Zielstrebigkeit Vermindert Satans Möglichkeiten

In Nehemias unerschütterlicher Hingabe an das Werk Gottes und in seinem festen Gottvertrauen lag der Grund für das erfolglose Bemühen seiner Feinde, ihn in ihre Gewalt zu bringen. Wer träge ist, fällt leicht einer Versuchung zum Opfer. Aber in einem Leben mit einem noblen Ziel, einer fesselnden Absicht, findet das Böse wenig Halt. Der Glaube dessen, der ständig vorangeht, wird nicht schwächer, denn er erkennt über, unter und vor sich die unendliche Liebe, die in allem Geschehen so wirkt, dass Gottes gute Absicht erfüllt wird. Gottes wahre Diener wirken mit einer unerschütterlichen Zielstrebigkeit, weil der Thron der Gnade ihre beständige Stütze ist.
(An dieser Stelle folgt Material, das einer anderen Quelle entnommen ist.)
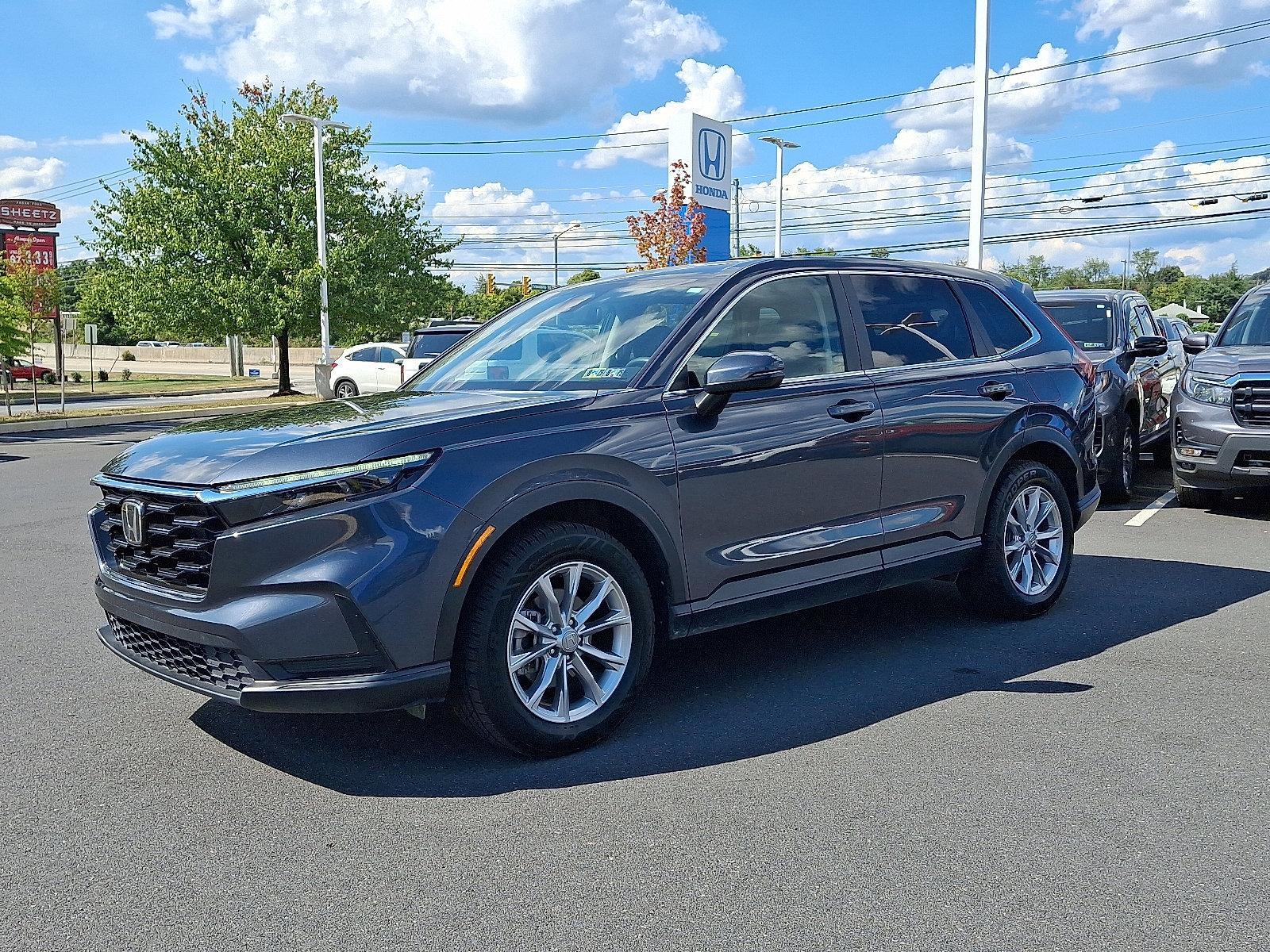 2024 Honda CR-V Vehicle Photo in Harrisburg, PA 17111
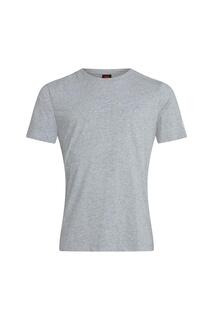 Клубная однотонная футболка Canterbury, серый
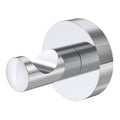 Caroma Robe Hook - 45mm - Polished Metal - Chrome Finish - SuperSaverAU - view 1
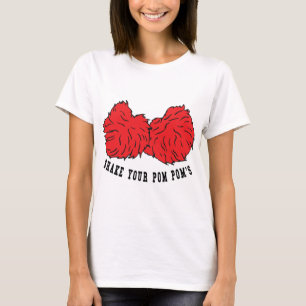 T-shirt Cheerleading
Gott hat seinen Beistand für all die Notlagen vorgesehen, für die unsere menschlichen Mittel nicht ausreichen. Er verleiht uns seinen Geist, um uns in jeder Zwangslage zu helfen, unsere Hoffnung und Zuversicht zu stärken, unseren Verstand zu erleuchten und unser Herz zu reinigen. Er gibt uns Gelegenheiten und öffnet Wege, damit wir wirken können. Wenn sein Volk die Zeichen seiner Vorsehung beachtet und zur Mitarbeit bereit ist, wird es großartige Erfolge geben.